- _Task prompt_: In the copy, keep every line below as it is and leave out the pictures.

- _Dataset excerpt_:
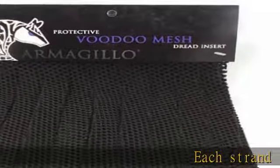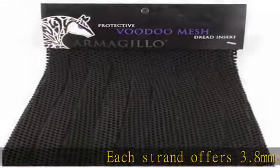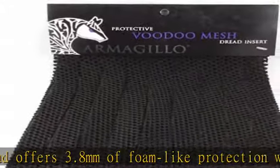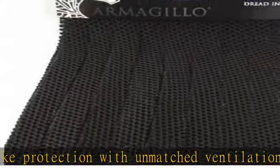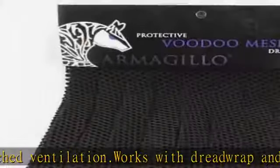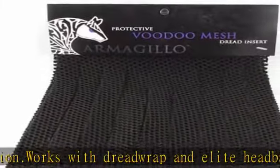Each strand offers 3.8 mm of foam-like protection with unmatched ventilation. Works with dread wrap and elite headband. Check the description to get this product today at the best price.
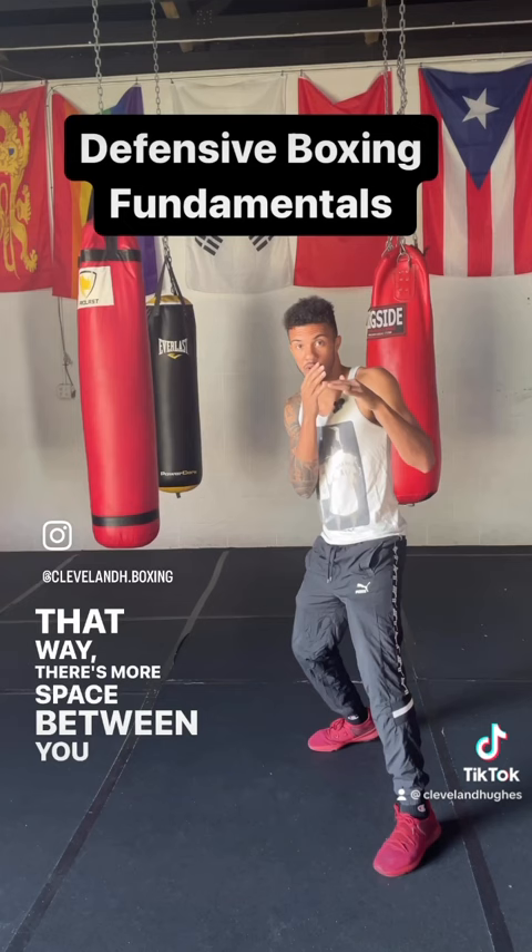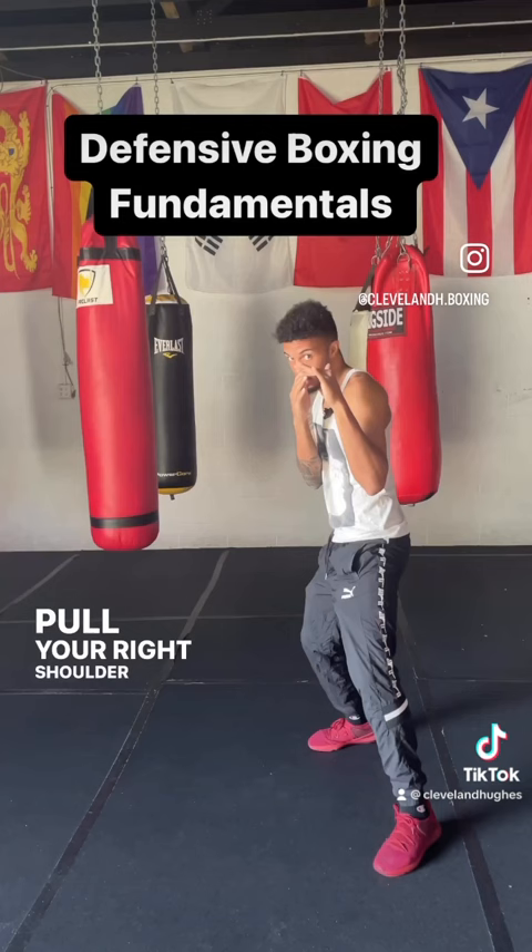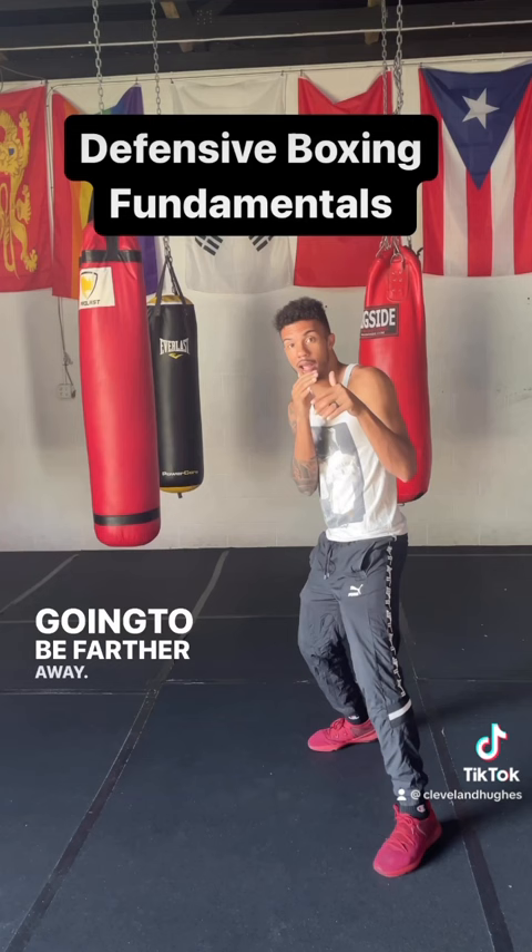The last thing that you want to do is get your elbows in and pull your right shoulder behind you. That way you're going to be a smaller target and you're going to be farther away. Now, if you decide that you want to hop into that front foot and back for counter punches, that's going to be an option for you.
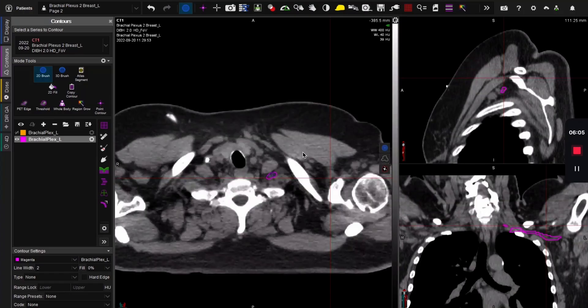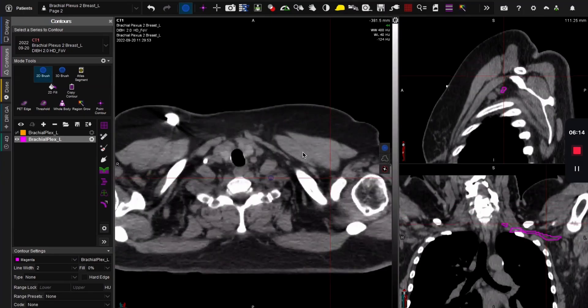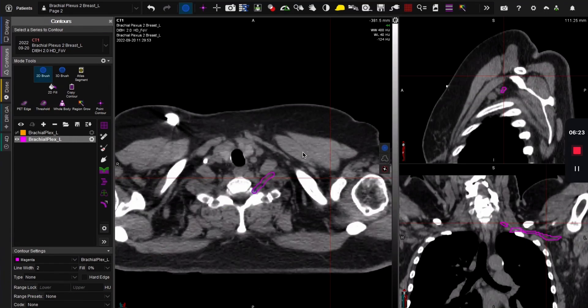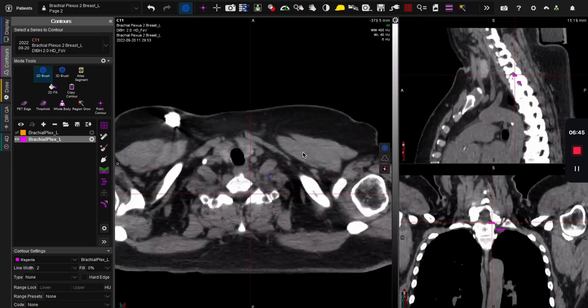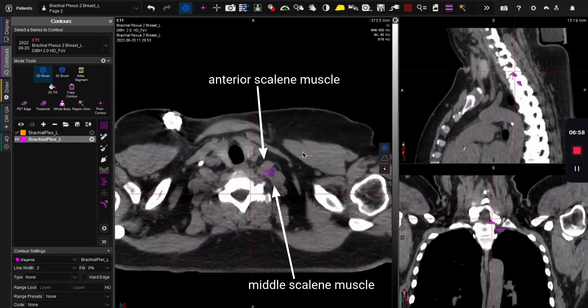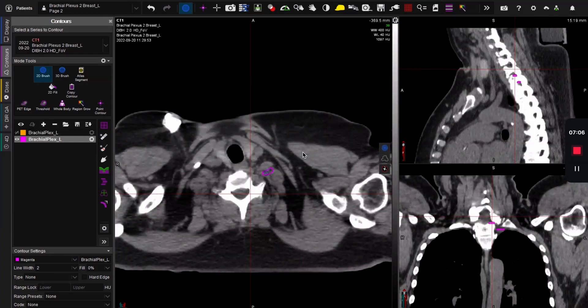I'm just doing one slice at a time — no fancy tricks, no interpolation, just one slice at a time. Slow and steady. Then this is where you bust out your move: you see the next neural foramen opening and you dive in. I've clicked here so I can check the sagittal, and sure enough I'm in the next vertebral body space. I have to keep going up and continue having this structure here, keeping it between the anterior and middle scalene. You really have to concentrate on where you were on the previous slice, because it's very easy to lose track.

- _Exercise output_:
Each strand offers 3.8 mm of foam-like protection with unmatched ventilation. Works with dread wrap and elite headband. Check the description to get this product today at the best price.
The last thing that you want to do is get your elbows in and pull your right shoulder behind you. That way you're going to be a smaller target and you're going to be farther away. Now, if you decide that you want to hop into that front foot and back for counter punches, that's going to be an option for you.
I'm just doing one slice at a time — no fancy tricks, no interpolation, just one slice at a time. Slow and steady. Then this is where you bust out your move: you see the next neural foramen opening and you dive in. I've clicked here so I can check the sagittal, and sure enough I'm in the next vertebral body space. I have to keep going up and continue having this structure here, keeping it between the anterior and middle scalene. You really have to concentrate on where you were on the previous slice, because it's very easy to lose track.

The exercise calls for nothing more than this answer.